So You Challenge Someone To A Duel…Now What?




Even though Dueling went out of fashion long ago, why not kick-start the trend again?  Next time you get angry at someone for posting something rude and insensitive on your social media account, forget getting into an online war of words with them, try a different approach and challenge them to a Duel.

Now before you go grabbing your Glock and heading to the park or a Walmart parking lot to meet your foe for the Duel, remember there is an etiquette to Dueling and it should be followed, otherwise it won’t be considered a Duel to the authorities and you might end up in jail. So in order to prevent your unnecessary confinement let’s brush up on the rules associated with Dueling.
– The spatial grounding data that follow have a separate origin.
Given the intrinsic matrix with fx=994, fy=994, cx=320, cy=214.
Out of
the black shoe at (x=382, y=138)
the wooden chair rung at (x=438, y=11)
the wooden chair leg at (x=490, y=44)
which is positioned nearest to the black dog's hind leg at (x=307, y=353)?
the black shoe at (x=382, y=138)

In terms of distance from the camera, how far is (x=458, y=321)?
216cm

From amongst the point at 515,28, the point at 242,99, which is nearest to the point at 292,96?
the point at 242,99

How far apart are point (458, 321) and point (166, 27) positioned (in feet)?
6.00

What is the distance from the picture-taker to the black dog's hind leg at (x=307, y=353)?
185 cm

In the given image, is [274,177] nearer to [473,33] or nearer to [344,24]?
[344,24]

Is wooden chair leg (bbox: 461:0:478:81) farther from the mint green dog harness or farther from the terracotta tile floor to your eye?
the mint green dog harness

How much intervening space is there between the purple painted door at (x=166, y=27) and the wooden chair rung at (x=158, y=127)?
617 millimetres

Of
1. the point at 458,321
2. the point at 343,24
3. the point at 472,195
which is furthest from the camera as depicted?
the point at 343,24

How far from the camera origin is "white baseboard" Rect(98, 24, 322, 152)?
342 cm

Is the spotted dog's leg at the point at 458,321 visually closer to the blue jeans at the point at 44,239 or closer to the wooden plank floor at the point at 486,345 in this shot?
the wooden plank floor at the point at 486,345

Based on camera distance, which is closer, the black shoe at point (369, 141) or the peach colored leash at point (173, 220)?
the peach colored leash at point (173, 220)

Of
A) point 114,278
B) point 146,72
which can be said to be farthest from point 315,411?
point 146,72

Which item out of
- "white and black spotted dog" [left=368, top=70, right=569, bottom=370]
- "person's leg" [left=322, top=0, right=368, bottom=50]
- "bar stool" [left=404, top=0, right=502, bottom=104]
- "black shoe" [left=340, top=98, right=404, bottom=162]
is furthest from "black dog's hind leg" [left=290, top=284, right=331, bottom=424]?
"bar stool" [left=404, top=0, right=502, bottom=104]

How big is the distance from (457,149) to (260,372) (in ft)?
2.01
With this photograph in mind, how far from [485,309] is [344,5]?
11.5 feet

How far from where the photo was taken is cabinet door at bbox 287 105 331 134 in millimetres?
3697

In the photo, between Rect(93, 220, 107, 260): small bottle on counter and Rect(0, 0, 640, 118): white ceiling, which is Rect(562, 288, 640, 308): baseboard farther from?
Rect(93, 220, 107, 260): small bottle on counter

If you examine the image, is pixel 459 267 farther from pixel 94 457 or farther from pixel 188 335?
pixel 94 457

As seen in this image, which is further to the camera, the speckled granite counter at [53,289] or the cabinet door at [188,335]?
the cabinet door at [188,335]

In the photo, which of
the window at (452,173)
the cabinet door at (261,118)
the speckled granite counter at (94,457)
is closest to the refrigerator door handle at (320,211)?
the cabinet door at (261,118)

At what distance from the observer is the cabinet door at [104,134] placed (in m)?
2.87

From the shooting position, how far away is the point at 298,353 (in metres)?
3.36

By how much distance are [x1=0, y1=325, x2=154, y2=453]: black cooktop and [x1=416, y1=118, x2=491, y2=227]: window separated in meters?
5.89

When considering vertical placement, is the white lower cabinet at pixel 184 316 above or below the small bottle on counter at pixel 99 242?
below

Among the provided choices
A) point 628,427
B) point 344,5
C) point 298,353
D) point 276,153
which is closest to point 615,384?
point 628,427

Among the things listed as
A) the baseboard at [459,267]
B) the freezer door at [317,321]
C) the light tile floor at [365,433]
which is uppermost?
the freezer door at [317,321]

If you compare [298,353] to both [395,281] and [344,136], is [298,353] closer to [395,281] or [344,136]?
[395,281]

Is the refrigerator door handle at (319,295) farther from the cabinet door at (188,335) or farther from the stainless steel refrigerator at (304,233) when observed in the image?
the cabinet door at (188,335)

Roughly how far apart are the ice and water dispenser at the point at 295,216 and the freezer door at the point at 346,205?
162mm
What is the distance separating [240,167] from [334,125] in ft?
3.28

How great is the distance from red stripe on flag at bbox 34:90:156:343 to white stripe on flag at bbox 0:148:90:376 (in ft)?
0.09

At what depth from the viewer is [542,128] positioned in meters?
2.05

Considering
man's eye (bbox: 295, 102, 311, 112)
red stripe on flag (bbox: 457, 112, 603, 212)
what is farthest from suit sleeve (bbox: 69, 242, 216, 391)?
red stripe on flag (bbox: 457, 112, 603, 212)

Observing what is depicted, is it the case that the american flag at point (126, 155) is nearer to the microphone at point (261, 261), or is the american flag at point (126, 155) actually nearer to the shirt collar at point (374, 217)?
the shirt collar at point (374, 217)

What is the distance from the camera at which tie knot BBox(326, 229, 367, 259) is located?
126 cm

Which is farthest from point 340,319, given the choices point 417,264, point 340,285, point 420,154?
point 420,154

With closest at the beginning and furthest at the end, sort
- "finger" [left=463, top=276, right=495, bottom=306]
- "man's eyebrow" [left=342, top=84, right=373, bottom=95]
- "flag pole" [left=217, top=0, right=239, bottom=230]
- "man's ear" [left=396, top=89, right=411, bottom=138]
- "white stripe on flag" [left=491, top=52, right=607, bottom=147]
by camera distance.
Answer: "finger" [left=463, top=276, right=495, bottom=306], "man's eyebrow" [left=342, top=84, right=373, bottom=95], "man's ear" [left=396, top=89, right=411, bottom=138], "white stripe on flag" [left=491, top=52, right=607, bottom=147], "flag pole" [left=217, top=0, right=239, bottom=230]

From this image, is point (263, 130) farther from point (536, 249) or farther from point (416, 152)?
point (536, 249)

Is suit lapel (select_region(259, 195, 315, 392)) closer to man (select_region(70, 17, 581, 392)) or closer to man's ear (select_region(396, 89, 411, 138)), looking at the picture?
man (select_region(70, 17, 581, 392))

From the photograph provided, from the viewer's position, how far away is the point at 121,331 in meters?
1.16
First thing that happens is your good name has been soiled on social media, or anywhere as far as that goes, maybe some punk at the laundry mat made fun of your rainbow warrior t-shirt and now your angry and you demand satisfaction from them by going old school, you call them out and challenge them to a Duel. In the old days, this was usually followed by slapping them in the face with your gloves, however, mooning or give them the middle finger is also acceptable.  If they show cowardice and decline your challenge, etiquette calls for them to issue a personal and in some cases a public apology, so basically they will need to get on social media and beg your forgiveness.

Now back in the good ol days of Dueling, you would usually appoint a trusted friend to be your  “second.” Their job would be to liaise with your opponent’s second to see if the dispute can be settled amicably without the need for a Duel.  And prior to the Duel starting, your second is responsible for loading your pistol and ensuring that your opponent isn’t cheating (for example, wearing concealed body armor or using an assault rifle), If you are unable to take part in the Duel, your second should stand in for you.

So you couldn’t work things out amicably, and now it’s time to get your Duel on. You and your opponent begin back to back, usually at dawn and preferably in a nice grassy area, but if all else fails the Walmart parking lot will do in a pinch. Since a Duel is a private affair between the two individuals concerned, only they, their seconds, and a referee should be present.  One of the seconds (or referee if you have one) calls the order  “March,”  the Duelists walk an agreed number of paces, then turn and fire.

If you fire and miss, you must allow the other person to take their shot.  If they choose to fire in the air, rather than at you, they win the right to refuse future challenges.  The Duel can either be to the death or can be called after first blood has been drawn. In other words, the first person to bleed loses.